[GOAL OF THE EXERCISE]: Please write out the entire listing below exactly, excluding its pictures.

[DATA SHOWN]:

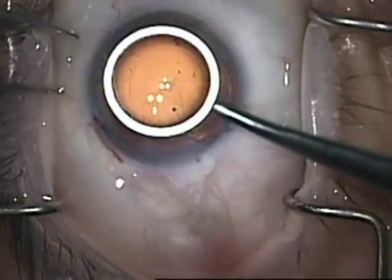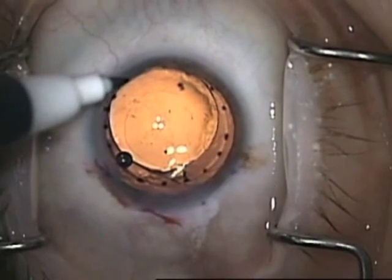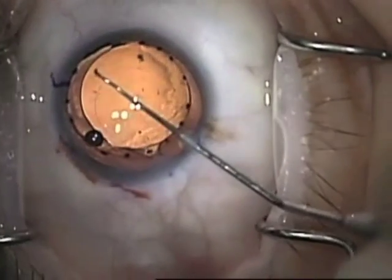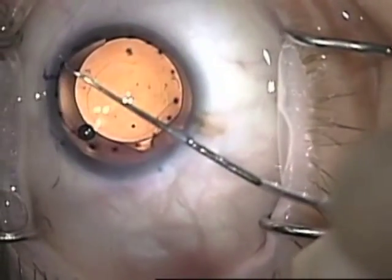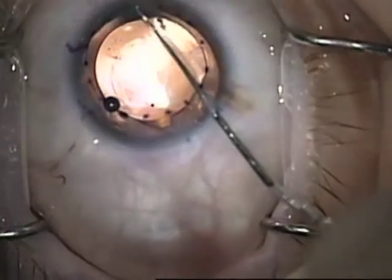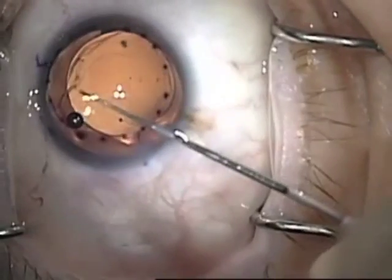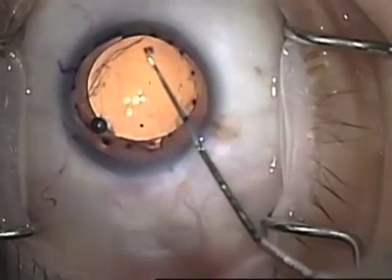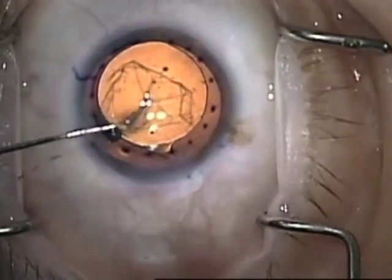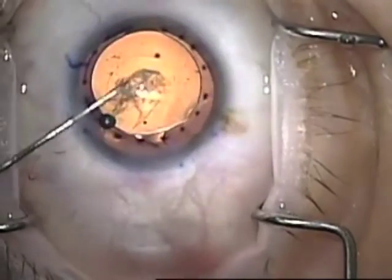Then I use an 8mm marking template — I use anywhere from 8 to 9mm; this case was an 8mm — and I'm marking the area of resection. Then using a Terry Reverse Sinski, I'm scoring the Descemet's membrane. I want to make sure to get a nice clean scoring. I don't like my host Descemet's to overlap with my DMEK graft, and I feel that's part of the reason I've had such a low rebubble rate.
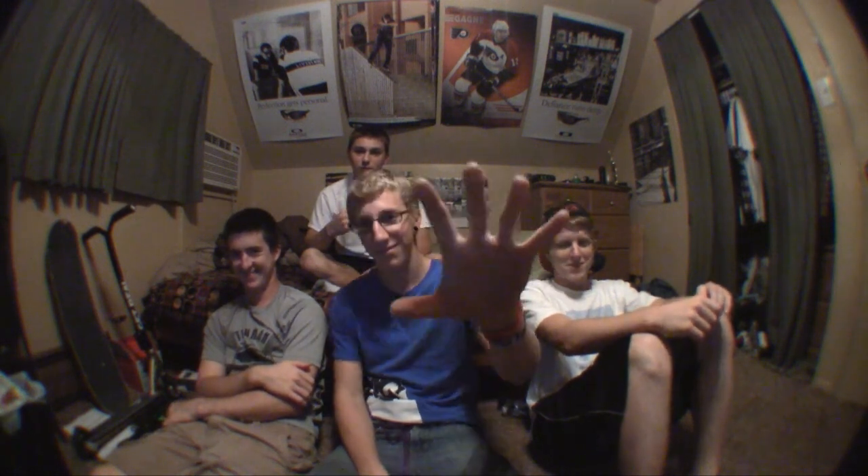Yeah, I think that's it — have fun watching some of our throwaway clips. Later, deuces!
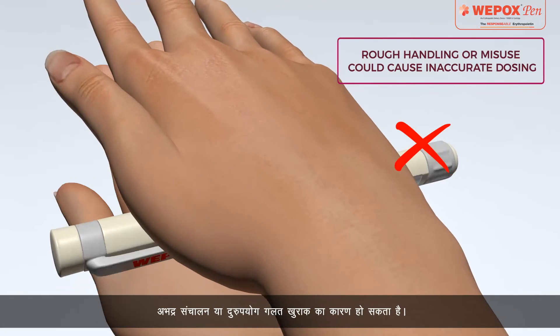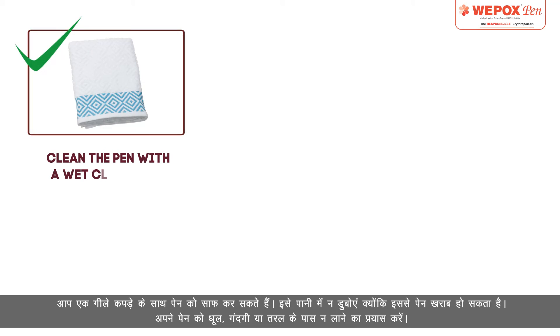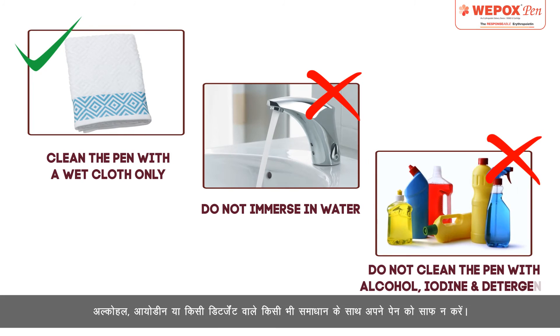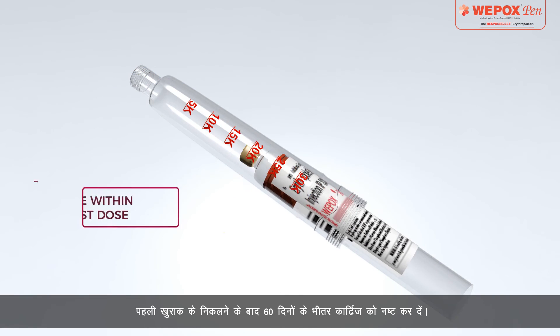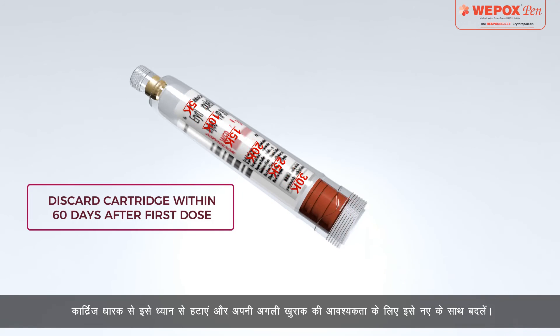Rough handling or misuse could cause inaccurate dosing. You can clean the pen with a wet cloth — do not immerse it in water as it may damage the pen. Try not to expose your pen to dust, dirt, or liquid. Do not clean your pen with any solution containing alcohol, iodine, or any detergent. Discard the cartridge within 60 days after the first dose withdrawal.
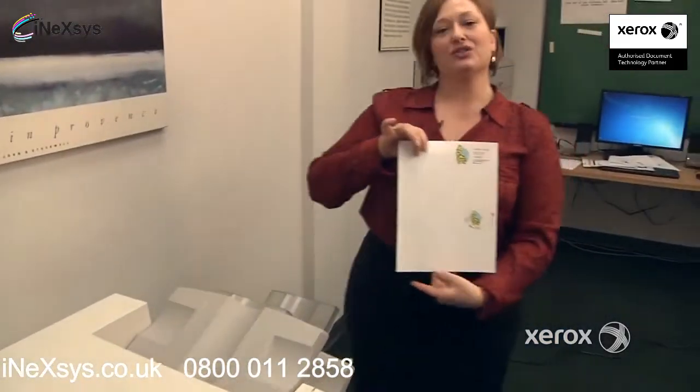And this is your result. You're going to have side one at the top and side two down here at the bottom.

[ANSWER FOR THIS EXERCISE]:
Then I use an 8mm marking template — I use anywhere from 8 to 9mm; this case was an 8mm — and I'm marking the area of resection. Then using a Terry Reverse Sinski, I'm scoring the Descemet's membrane. I want to make sure to get a nice clean scoring. I don't like my host Descemet's to overlap with my DMEK graft, and I feel that's part of the reason I've had such a low rebubble rate.
Yeah, I think that's it — have fun watching some of our throwaway clips. Later, deuces!
Rough handling or misuse could cause inaccurate dosing. You can clean the pen with a wet cloth — do not immerse it in water as it may damage the pen. Try not to expose your pen to dust, dirt, or liquid. Do not clean your pen with any solution containing alcohol, iodine, or any detergent. Discard the cartridge within 60 days after the first dose withdrawal.
And this is your result. You're going to have side one at the top and side two down here at the bottom.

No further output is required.